Omelie
Omelia del 9 giugno 2013 - Domenica X Per Anno (C)
Mi sono chiesto: “Cosa posso cogliere da queste tre letture, molto problematiche e toccanti, per condividerle con voi, fratelli miei, famiglia mia, Chiesa di Cristo in Belluno". Tento di dirvi qualcosa, ma invito voi a continuare da soli o in famiglia, ad interrogare la Parola di Dio e coglierne le molteplici sollecitazioni, tutte preziose ed utili.
Interrogo la prima lettura, strettamente collegata con il brano del vangelo.
Narra di un singolare episodio, vissuto a Sarepta, periferia della città di Sidone. Tre sono i protagonisti: una vedova, suo figlio ed Elia, l’uomo di Dio. Nella donna, già provata duramente per la morte del marito ed ora certa della morte dell’unico figlio, scatta un violento astio nei confronti dell’uomo di Dio e di Dio. Dalle sue parole sembra che, nel passato, la vedova si fosse macchiata di qualche colpa. Pensava, quindi, che Dio gliela facesse pagare con la morte del figlio. Dalla bocca di quella donna ferita e mamma disperata, uscirono queste durissime, ma comprensibili parole contro Elia e contro il Dio di Elia: “Che cosa c’è fra me e te, o uomo di Dio” disse. “Sei venuto da me per rinnovare il ricordo della mia colpa e per far morire mio figlio?”.
Quanti interrogativi. Ecco la mia riflessione.

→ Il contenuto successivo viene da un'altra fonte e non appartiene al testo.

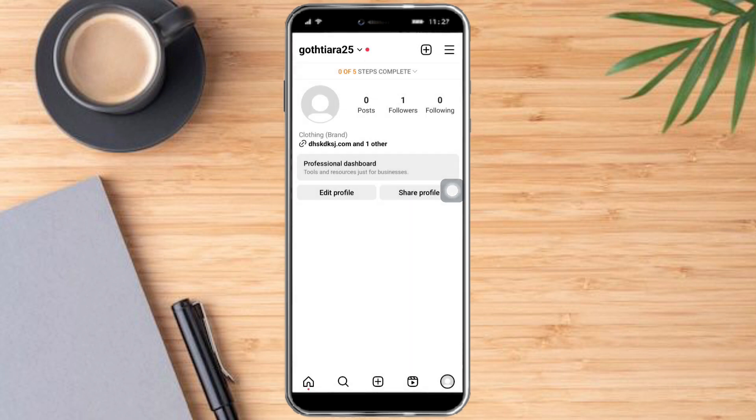So that's the whole process. Hopefully this video helped you to add more than one link on Instagram. If you have questions or comments, kindly put them in the comment section below. And if not, don't forget to subscribe and like. Thanks!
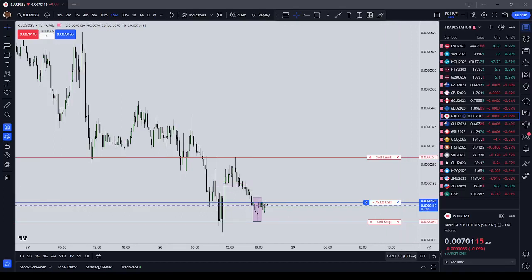All right, hello everyone. It is Wednesday, June 28th. The time is 19:37 New York local time. I'm sitting in a Japanese yen long — I'll tell you why.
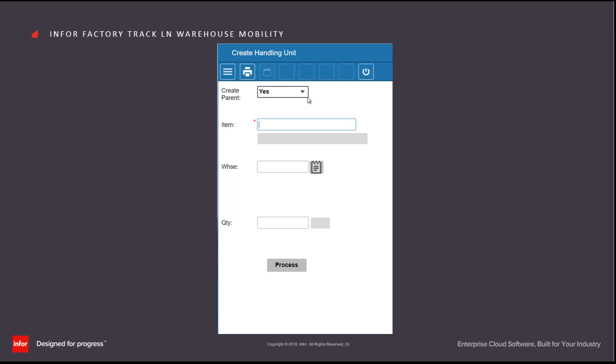In this example we have the Create Parent turned on. I'm going to turn it off because I just want to create a single level handling unit.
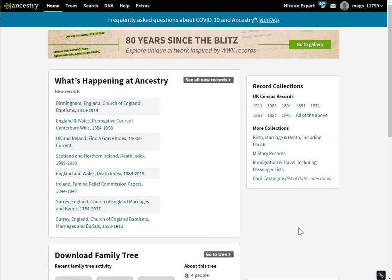Hi, this is Margaret from dataminingdna.com and this is how you download your raw DNA from Ancestry.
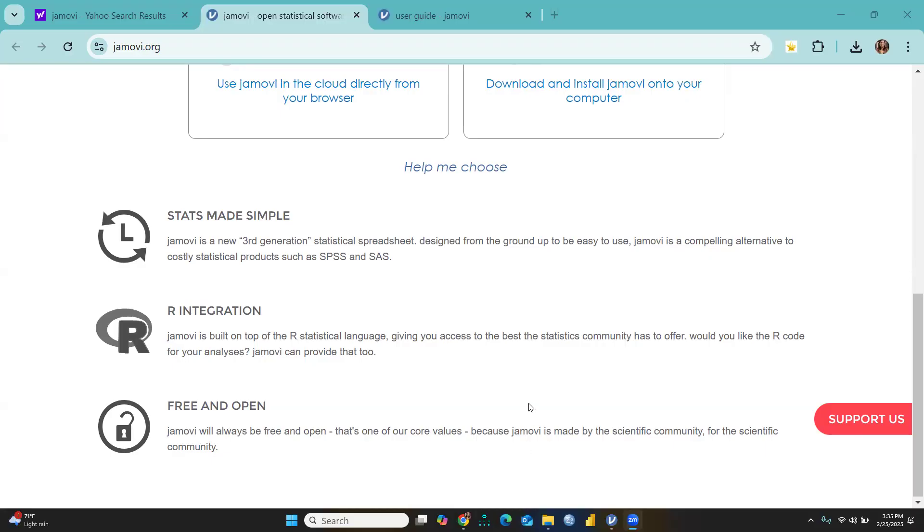The third important feature is that Jamovi is free and open. Jamovi will always be free and open, that's one of the core values, because Jamovi is made by the scientific community for the scientific community.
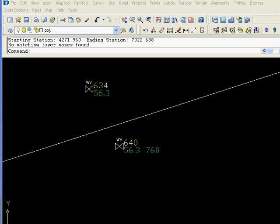Hi, my name is Robert Steltman. Today I'm going to show you how we can take survey data, shooting culverts, and bringing them into both profiles and cross-sections.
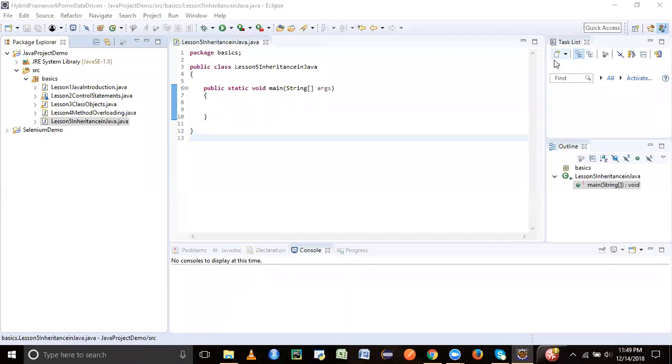Hey guys, welcome to my channel Automate Innovation. Today we are going to learn about inheritance in Java.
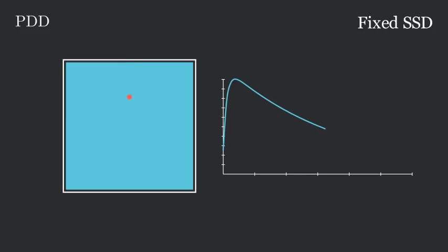That's where the field size is defined as well. Typically, fixed SSD techniques are only used for electron treatments now.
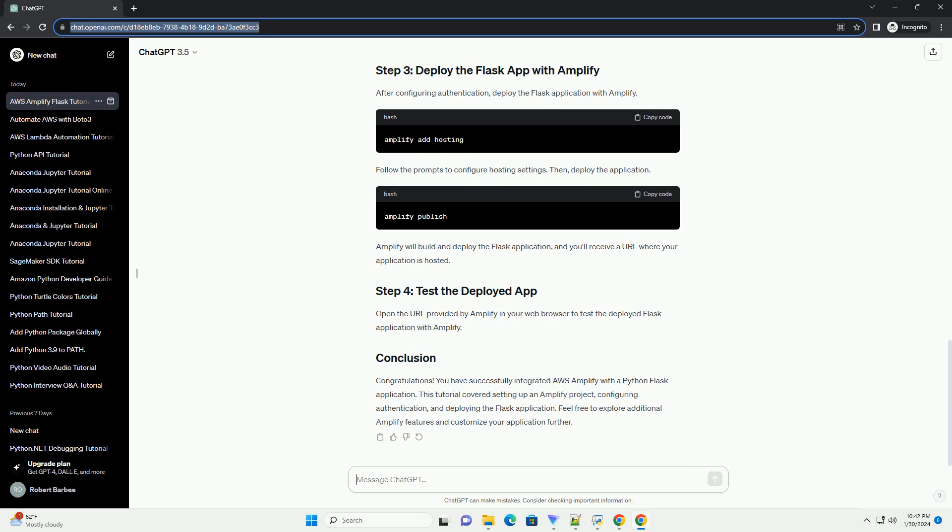Amplify will create the necessary AWS resources for authentication. Next, install the Amplify libraries for Python. Now you can integrate the Amplify authentication into your Flask application. Update your app.py file. Your Flask application is now integrated with AWS Amplify authentication.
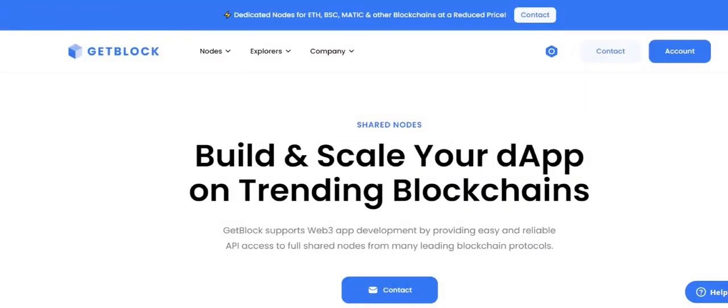Hi everyone, GetBlock is here again. Are you ready to try shared nodes of Dashcoin, beloved crypto of Elon Musk? Together with GetBlock, we'll display what's under the hood of our Dashcoin shared nodes.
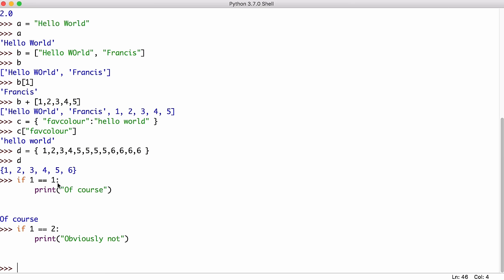So Python has equals operators. It also has not equals. It has greater than, less than, greater than equal to, less than equal to, all of the operators you would expect.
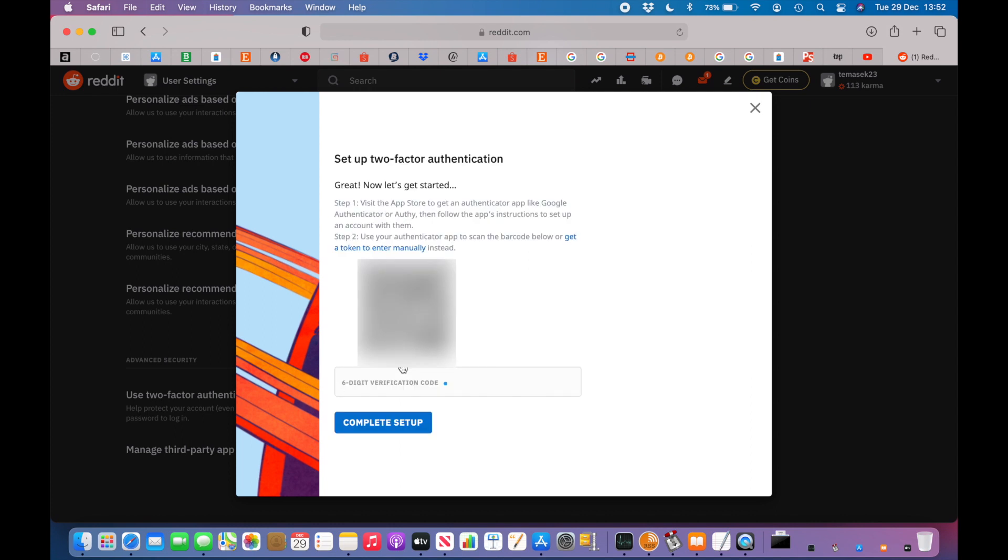On your phone, just go and launch the Microsoft Authenticator, then click on the upper right corner on the plus sign and tap on other.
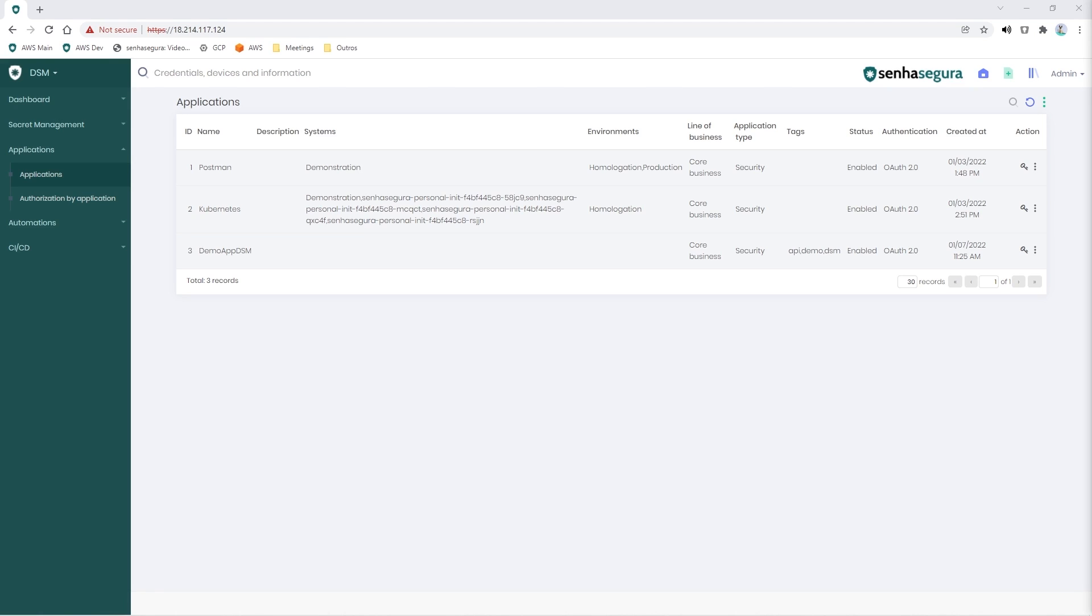First of all, it will be necessary to have the authentication data from Senha Segura contained in the authorization. To do this, we will go to the desired application and click on Authorizations.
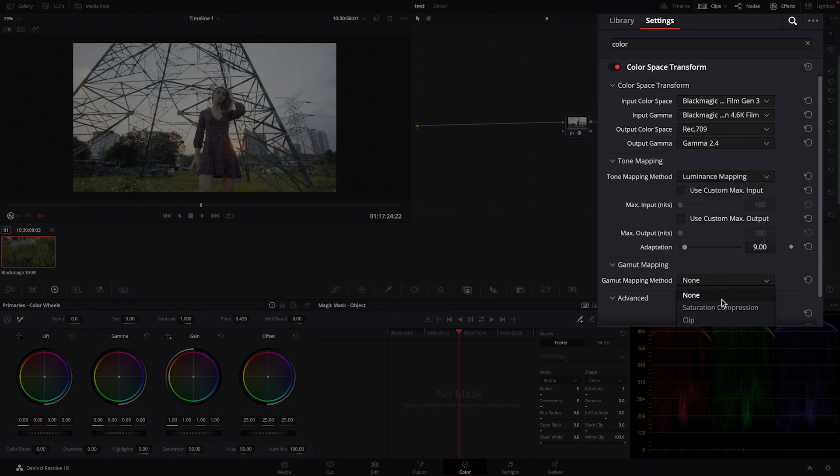To dial in proper color management, you will need to know the camera the project has been shot on. When I was a young colorist I had never touched a camera before, so I was completely overwhelmed by the color space and color gamut of each camera. That's why I prepared a cheat sheet where you can find the color space and color gamut for each camera.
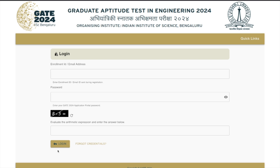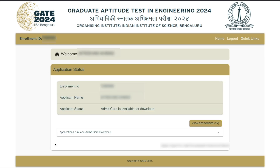Let me quickly log in to show you how it looks. Once you log in, you will see your enrollment ID, your name, and your applicant status showing whether you have downloaded your admit card. The newer thing here is 'View Responses' for the subject applied. If you applied for more than one subject, you will get two options; if only one subject, you get one option.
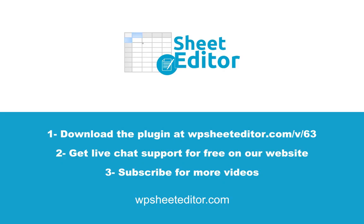You can download the plugin following the link in the description. Visit our website to get live chat support for free. Subscribe and don't miss any of our videos.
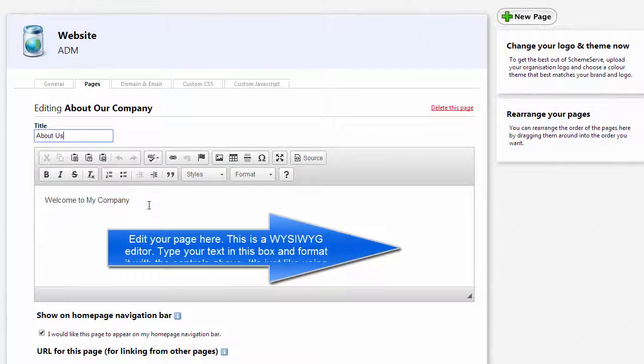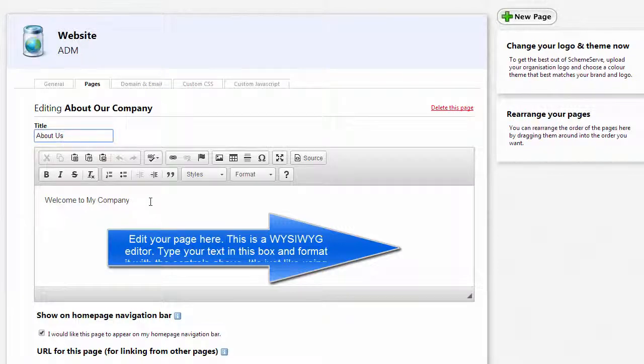Next is the editor. This is what you see is what you get, so whatever you change here you will see on your front page.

Noi sacerdoti siamo simili al profeta Elia. Ci è stata affidata una famiglia di famiglie, entro le cui invisibili mura domestiche abitano i piccoli e i grandi, i giovani e gli anziani, i sani ed i malati, i credenti, i dubbiosi, gli increduli, gli atei, i buoni ed i cattivi, gli operosi ed i pigri, le nascite e le morti. L’evento più difficile da affrontare per un parroco è accogliere, condividere e celebrare cristianamente, ma ancor prima umanamente, la morte di un parrocchiano. Se si tratta, poi, di una morte che squarcia e spezza il cuore dei familiari e dell’intera comunità, il pastore diventa padre, madre, fratello, amico, avvocato davanti a Dio sia del defunto che della famiglia terribilmente colpita Noi stessi, preti, a volte veniamo inondati da 1000 perché. Chi è sopraffatto dal dolore, spesso ha bisogno di poggiare la testa su una spalla amica e potersi sfogare. Il pastore deve capire questo e deve lasciarsi investire da questa onda di amarezza che sa di amore, di dolore, di rabbia, di ribellione…Qualcuno sente il bisogno di rimproverare Dio, aggredendo chi lo rappresenta.
Quel ‘sei venuto per far morire mio figlio?’, è sempre di attualità. Forse è questa la ferita più grande che riceve un sacerdote nel suo ministero. A soffrire di più per la morte di un caro parrocchiano, certamente dopo i familiari, è proprio il parroco.
Ma è allora che Dio si serve del suo piccolo e fragile pastore per liberare qualcuno dalla disperazione. Dopo di aver ricevuto delle ferite da un ferito, l’uomo di Dio, soffrendo con chi soffre, chiede alla famiglia: “Datemi colui che è morto". Per bocca di un qualsiasi sacerdote, è Gesù che, con autorità ci dice: “Non piangete”. E al morto comanda: “Alzati!”. Vieni!. La tua vita non è tolta, è trasformata”.
Il nostro legittimo dolore non sia, però, causa di dolore dei nostri cari che anelano al paradiso.